Harry intercepta la chouette d'Hermione, la caressa quelques secondes puis retira le pli qu'elle lui avait envoyé. L'oiseau se laissa faire sans rechigner puis sautilla sur un perchoir où il savait trouver d'excellentes graines de chez Chouette-Rapace.

"Tu es attendu à Poudlard, voilà trop longtemps que tu n'es pas passé me voir, dois-je te rappeler que tu as promis de venir voilà deux mois de cela. Tu as intérêt à rappliquer aujourd'hui, je sais que c'est ta journée de congé, Harry. Et pour une fois sois à l'heure"

Oui, bon c'est vrai qu'elle avait raison, il retardait le moment d'aller lui rendre visite et avec un mot comme celui-ci il ne pouvait plus refuser l'invitation délicate et pleine de douceur de son amie. Le jeune homme soupira puis se prépara en prenant son temps. Trois quart d'heure plus tard il ferma la porte de son petit appartement à clef puis transplana jusqu'à Poudlard.
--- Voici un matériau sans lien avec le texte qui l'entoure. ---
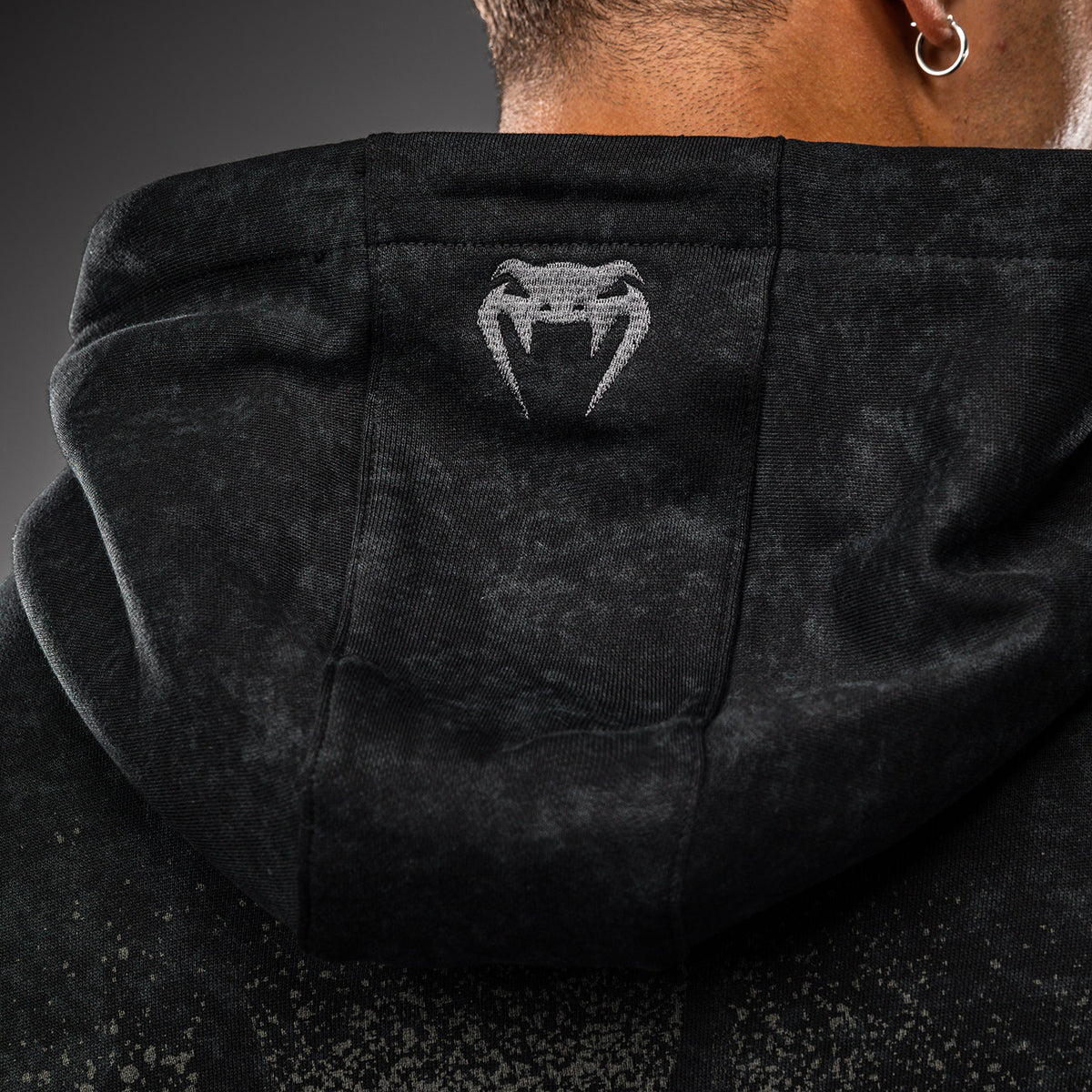 Venum x Batman Felpa con cappuccio - Nero/Grigio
-Tu vois je suis venu, fit Harry, jeune auror de vingt-cinq ans, en s'adressant à son amie qui terminait de ranger ses copies sur une pile déjà conséquente. Il est chouette ton bureau, bien rangé, pas comme le mien, un vrai foutoir je te raconte pas !

-Harry, déjà élève ici tu étais bordélique, et crois-moi le mot est bien choisi. Cela dit je suis contente de te voir, tu m'as trop manqué.
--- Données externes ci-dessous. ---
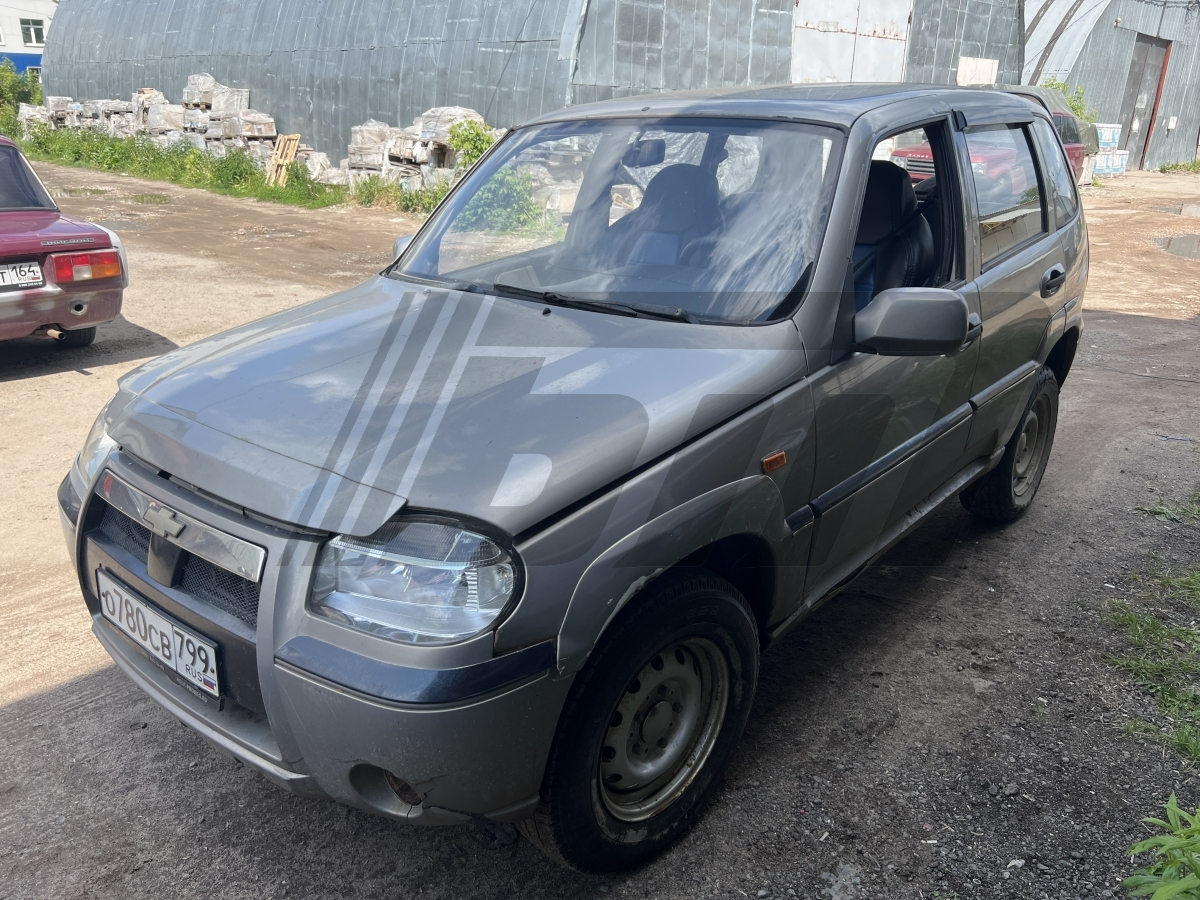 Разборка Chevrolet Niva 2008 г.в. с пробегом 185 000 км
-Comment tu vas ? demanda sérieusement le jeune sorcier. D'après Ron tu en fais trop, comme d'habitude. Il s'inquiète pour toi.

-Ron exagère, je me porte comme un charme.

-Tu sais que ça ne l'empêchera pas de se faire du souci, hein ?

-Je suis professeur à Poudlard, Harry, ce n'est pas comme si je risquais ma vie tous les jours.

-Toi et moi on le sait, mais pas lui apparemment, il doit croire que tes étudiants te torturent méchamment, sourit le sorcier. Et avec Snape et Drago, ça se passe comment ?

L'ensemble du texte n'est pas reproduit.